As Catholics, we are called to build community with and advocate for the marginalized. There are several populations of people who may come to mind when we think of those who are marginalized: BIPOC communities (Black, Indigenous, and People of Color), women, the poor, the sick, the homeless, LGBT persons, the imprisoned, the immigrant. Catholic social teaching and Scripture outline how we ought to build community with persons from these populations.

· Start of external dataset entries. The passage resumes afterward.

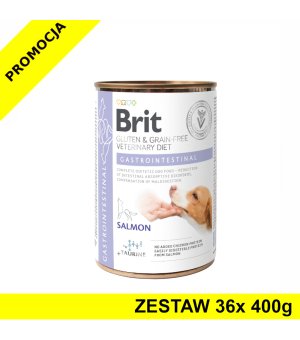 Karma mokra dla psa Brit Veterinary Diets Dog Gastrointestinal ZESTAW 36x 400g NOWA FORMUŁA
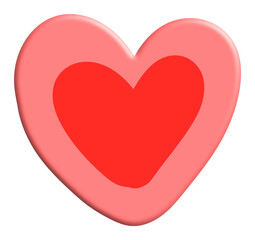 Cute red heart Y2k 3d Kpop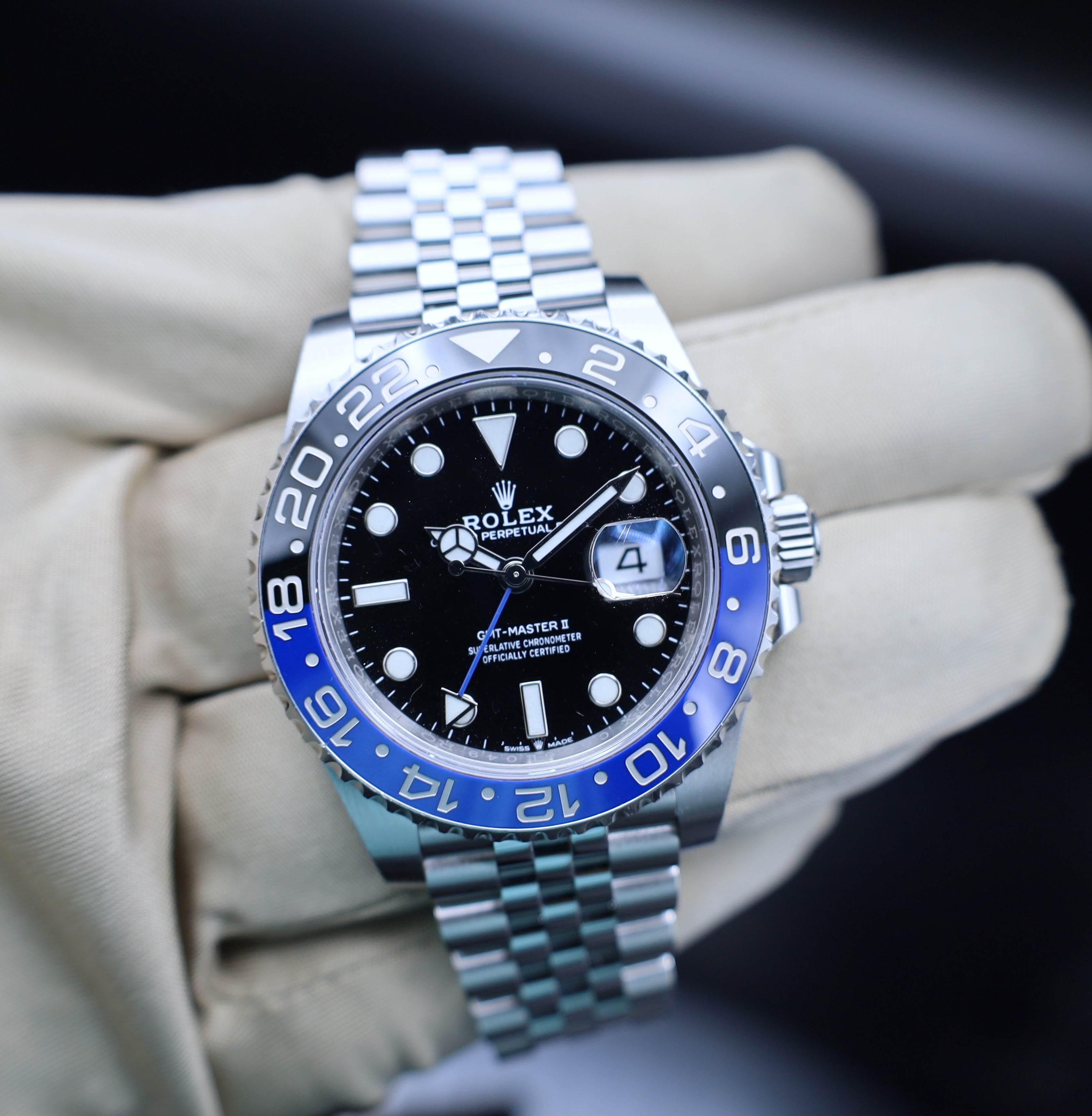 Rolex GMT Master II "Batgirl" - 2025- 126710BLNR - Fullset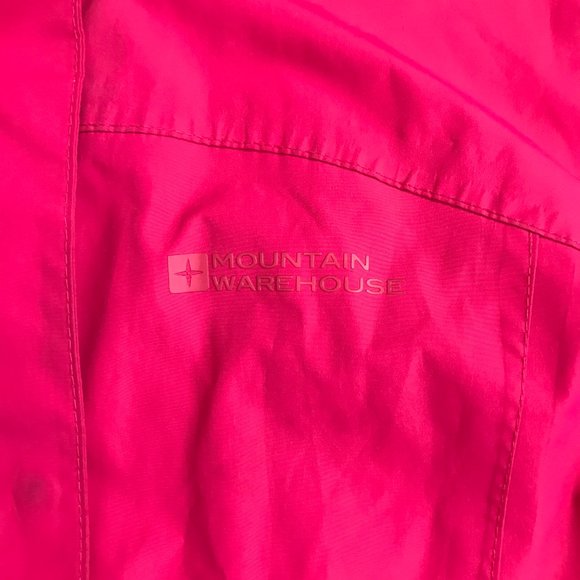 Mountain Warehouse Cambridge Waterproof Jacket Pink Size 14 Rain Coat Anorak - Picture 3 of 11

This teaching is part of what helps us understand how someone can be both Catholic and feminist: Working toward just treatment for all people necessitates doing so for women. It is important to remember that women’s collective experiences are not homogenous, which motivates our advocacy for intersectional feminism. Our work toward just treatment for all persons ought to reflect this diversity within feminine experiences. Women from every marginalized group not only deserve a seat at the table, but they also should be the leaders we look to in order to fully understand the diverse challenges that women face.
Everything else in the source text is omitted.